= Recorded data =
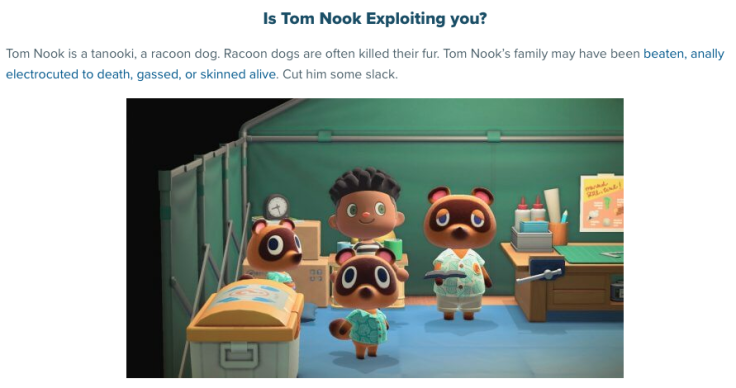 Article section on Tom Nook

...

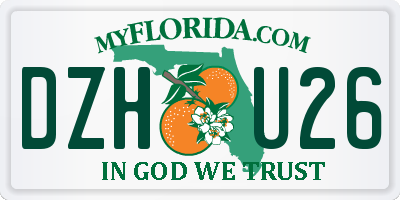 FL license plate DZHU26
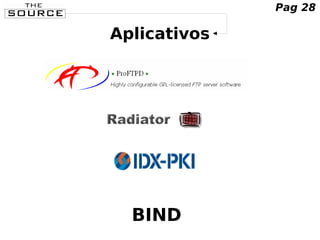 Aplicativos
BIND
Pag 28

* * *

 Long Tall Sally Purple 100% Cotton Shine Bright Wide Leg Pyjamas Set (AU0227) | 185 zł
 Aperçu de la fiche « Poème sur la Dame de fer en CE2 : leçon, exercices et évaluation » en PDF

= Work required =
From the records above, quote only the lines running from the line with "Long Tall Sally" to the line with "Aperçu de la", both lines included.

= Answer box =
 Long Tall Sally Purple 100% Cotton Shine Bright Wide Leg Pyjamas Set (AU0227) | 185 zł
 Aperçu de la fiche « Poème sur la Dame de fer en CE2 : leçon, exercices et évaluation » en PDF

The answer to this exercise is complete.